The trailer for Amy Schumer's new movie I Feel Pretty dropped on The Ellen Show on Thursday (local time) and the internet has had very strong wave of reaction, predominantly negative.
In the trailer, Schumer's character gets a head injury during a spin class and suddenly sees herself as incredibly beautiful, even believing her friends won't recognise her.
That opens up a whole new wave of confidence in her, as she goes through life as a newly 'beautiful woman'. Schumer's character "wants to be pretty and feel the parts of life that open up to you, when you're gorgeous", Schumer said in an interview with Ellen.
The comedy clearly dips into the themes of female body image, media representation etc.
But for many angry Twitter users, herein the problem lies.
Much of the anger seems to stem from Schumer, a strong advocate of body positivity and self-love, creating comedy around a woman needing an injury to think she's attractive.
Viewers are clearly supposed to find it funny that Schumer might be attractive, when she doesn't fit a conventional Hollywood ideal.
Kiwi comedienne Rose Matafeo pointed out the gender imbalance in the comedy.
"In light of Amy Schumer's new film, all male-led comedy movies of the 2000s must add a prologue of the lead character hitting their head and gaining confidence to account for the fact that they are ugly (see: Will Ferrell, Jack Black, Vince Vaughan etc)," she wrote on Saurday.
Another Twitter user wrote sarcastically: "Man, Amy Schumer's new movie where being fat and confident in your body is a joke and assuring women that if they're skinny they have nothing to be self-conscious about is super empowering and body positive."
Others found strong issue with Schumer being the one making a joke out of being 'unattractive'.
Melissa McEwan reacted by writing: "As a woman who is actually fat, I have been routinely accused of being mentally ill or, yes, having injured my brain by people (almost always men), who don't believe I should have the self-confidence I do have.

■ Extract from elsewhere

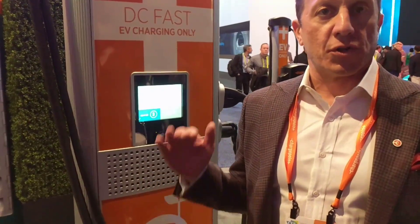That is capable of 400 amps and 1,000 volts. Those are the limits.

This isn't funny."
She went on to call the film a "mockery" of what is, for some, a lived experience.
Comedienne Sofie Hagen wrote had issue with the jokes coming from a "blonde, white, able-bodied, femme and thin" woman.
"She IS society's beauty ideal. So they give her a ponytail and remove her make-up and suddenly she's ugly? Why not just give her glasses or a fatsuit? What is wrong with this world?"
But not all reactions have been negative. Rachel Wasworth, for example, is very excited to see the movie.